The Wafer-Scale Cluster is an installation designed to support large-scale models (up to and well beyond 1 billion parameters) and large-scale inputs. It can contain single or multiple CS-2 systems with the ability to distribute jobs across all or a subset of CS-2 systems in the cluster. A supporting CPU cluster in this installation consists of MemoryX, SwarmX, management, and input worker nodes. This installation supports both Pipeline execution for models below 1 billion parameters and Weight Streaming execution for models up and above 1 billion parameters.  

The advantage of Wafer-Scale Cluster is that it runs strictly in data parallel mode.

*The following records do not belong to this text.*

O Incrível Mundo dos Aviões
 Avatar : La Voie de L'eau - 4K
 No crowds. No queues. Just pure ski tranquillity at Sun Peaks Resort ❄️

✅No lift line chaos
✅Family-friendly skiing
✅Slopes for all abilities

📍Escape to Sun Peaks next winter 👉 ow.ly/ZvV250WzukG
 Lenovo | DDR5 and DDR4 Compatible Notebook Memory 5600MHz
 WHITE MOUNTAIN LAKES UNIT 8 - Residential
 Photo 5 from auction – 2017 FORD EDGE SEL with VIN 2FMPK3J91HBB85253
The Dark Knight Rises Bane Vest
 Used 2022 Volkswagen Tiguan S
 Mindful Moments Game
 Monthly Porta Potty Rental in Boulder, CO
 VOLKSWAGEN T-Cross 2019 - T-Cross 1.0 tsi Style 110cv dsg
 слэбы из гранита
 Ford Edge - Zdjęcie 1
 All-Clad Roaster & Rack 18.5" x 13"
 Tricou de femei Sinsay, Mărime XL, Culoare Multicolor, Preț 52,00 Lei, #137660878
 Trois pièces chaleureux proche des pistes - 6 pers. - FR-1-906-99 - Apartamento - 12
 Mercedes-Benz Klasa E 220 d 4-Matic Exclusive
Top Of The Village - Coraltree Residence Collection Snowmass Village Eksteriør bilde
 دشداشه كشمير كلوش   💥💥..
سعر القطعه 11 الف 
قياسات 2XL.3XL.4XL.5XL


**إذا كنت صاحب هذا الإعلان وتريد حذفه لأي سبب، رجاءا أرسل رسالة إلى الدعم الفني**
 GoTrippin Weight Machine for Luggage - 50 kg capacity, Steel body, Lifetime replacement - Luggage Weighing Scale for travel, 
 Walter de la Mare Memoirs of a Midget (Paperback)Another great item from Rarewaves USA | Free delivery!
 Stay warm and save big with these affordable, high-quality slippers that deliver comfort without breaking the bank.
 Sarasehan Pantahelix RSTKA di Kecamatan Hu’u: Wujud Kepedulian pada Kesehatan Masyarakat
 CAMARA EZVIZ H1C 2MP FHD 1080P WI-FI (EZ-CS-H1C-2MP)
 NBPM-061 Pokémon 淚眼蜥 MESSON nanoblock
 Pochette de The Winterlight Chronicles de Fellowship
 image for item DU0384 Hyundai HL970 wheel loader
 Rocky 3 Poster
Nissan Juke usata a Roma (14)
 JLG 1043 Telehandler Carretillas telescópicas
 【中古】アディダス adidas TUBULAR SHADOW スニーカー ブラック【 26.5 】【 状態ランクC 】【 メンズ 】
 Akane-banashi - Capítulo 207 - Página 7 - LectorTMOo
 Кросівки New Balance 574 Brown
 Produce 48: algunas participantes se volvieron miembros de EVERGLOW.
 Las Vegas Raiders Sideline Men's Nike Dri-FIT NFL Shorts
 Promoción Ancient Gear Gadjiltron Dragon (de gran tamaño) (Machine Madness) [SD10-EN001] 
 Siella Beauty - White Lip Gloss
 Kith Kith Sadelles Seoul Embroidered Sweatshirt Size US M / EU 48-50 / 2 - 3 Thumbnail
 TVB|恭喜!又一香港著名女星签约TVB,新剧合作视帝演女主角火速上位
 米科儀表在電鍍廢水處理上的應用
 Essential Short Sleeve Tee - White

No other AI hardware can do this for large NLP models. Running data parallel is only possible if the entire neural network fits on a single processor—both the compute and the parameter storage. Cerebras pioneered wafer scale integration—enabling us to build the largest processor ever made. And we invented techniques to store trillions of parameters off chip and deliver the performance as if they were on chip. With 100 times more cores and 1000 times more on chip memory, and 10,000 times more memory bandwidth, the Wafer Scale Engine isn’t forced to break big problems into little pieces and distribute them among hundreds or thousands of little processors only then reassemble them into the final answer. Each WSE can support all the layers in every model, including the largest layers in the largest models. And our Memory X technology enables us to store trillions of parameters off processor.  

Based on the CS-2, MemoryX and SwarmX, the Cerebras Wafer-Scale Cluster is the only cluster in AI compute that enables strict linear scaling of models with billions, tens of billions, hundreds of billions, and trillions of parameters. If users go from one CS-2 to two CS-2s in a cluster, the time to train is cut in half. If users go from one CS-2 to four CS-2s, training time is cut to one-fourth. This is an exceptionally rare characteristic in cluster computing. It is profoundly cost and power efficient. Unlike GPU clusters, in a Cerebras cluster, as users add more compute, performance increases linearly.